REQUIREMENT:
Please, without the pictures, restate every entry exactly.

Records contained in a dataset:
*** Begin section ***

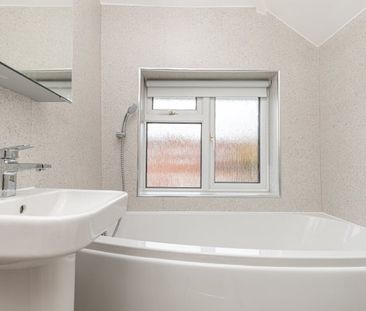 York Road, Headington - Photo 2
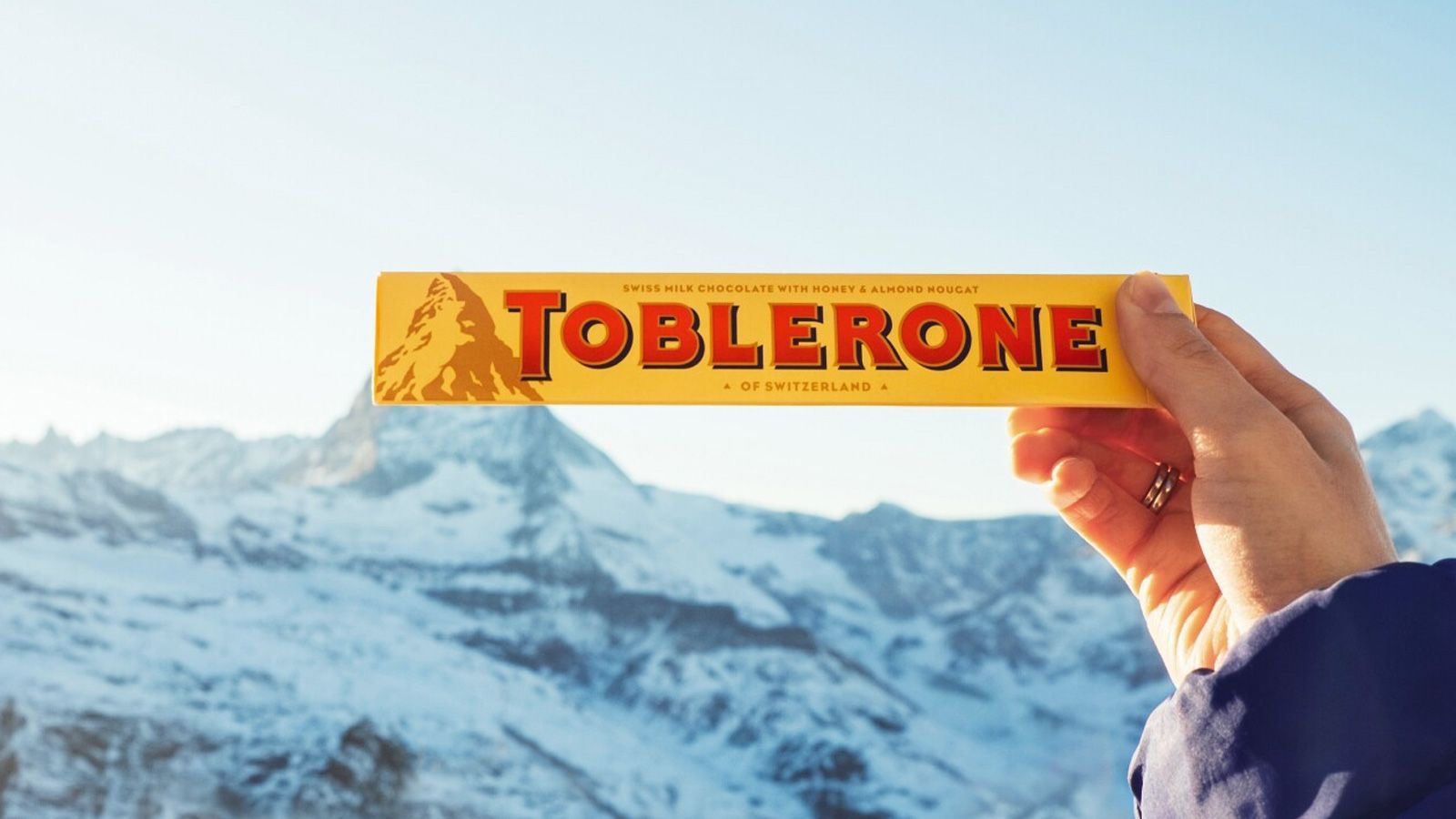 Toblerone, obligada a eliminar el monte de su logo. ¿Por qué? 2 toblerone cambio logo cervino 01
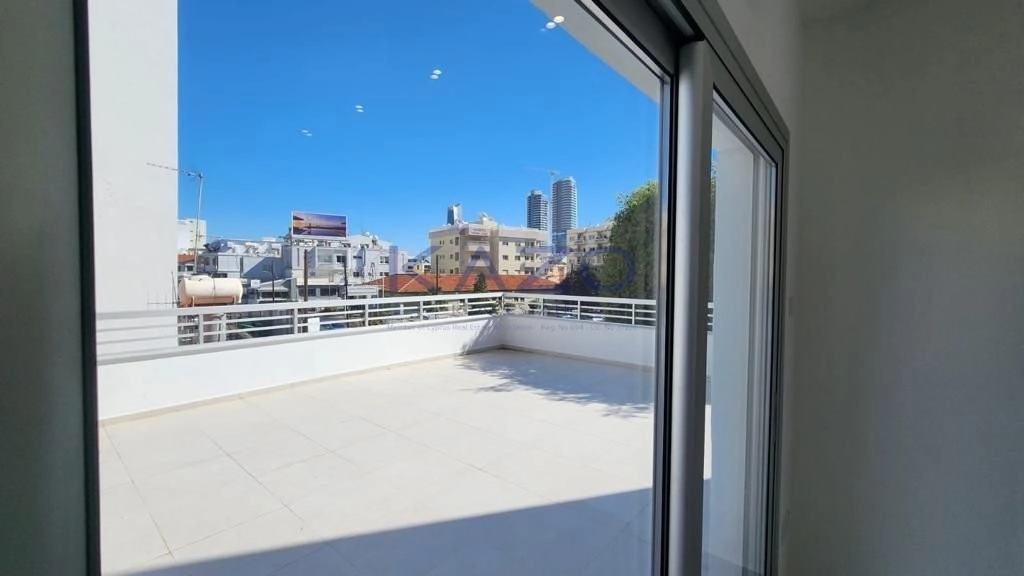 120m² Office for Sale in Limassol District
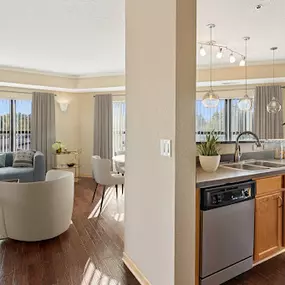 Bild von Excelsior & Grand - St. Louis Park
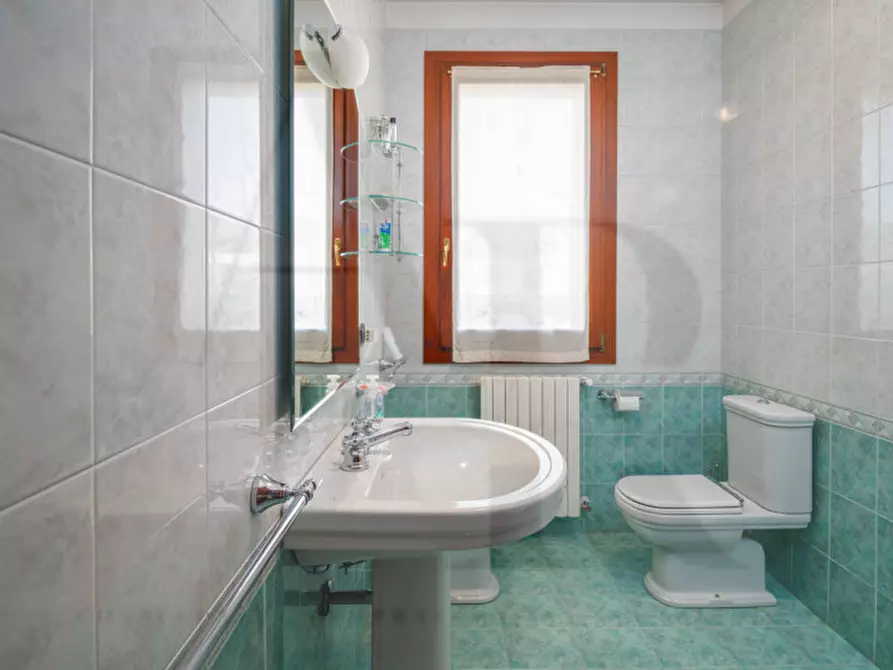 Immagine 29 di Casa bifamiliare in vendita  in Via Caldonazzo a Selvazzano Dentro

*** End section ***

WRITTEN ANSWER:
 York Road, Headington - Photo 2
 Toblerone, obligada a eliminar el monte de su logo. ¿Por qué? 2 toblerone cambio logo cervino 01
 120m² Office for Sale in Limassol District
 Bild von Excelsior & Grand - St. Louis Park
 Immagine 29 di Casa bifamiliare in vendita  in Via Caldonazzo a Selvazzano Dentro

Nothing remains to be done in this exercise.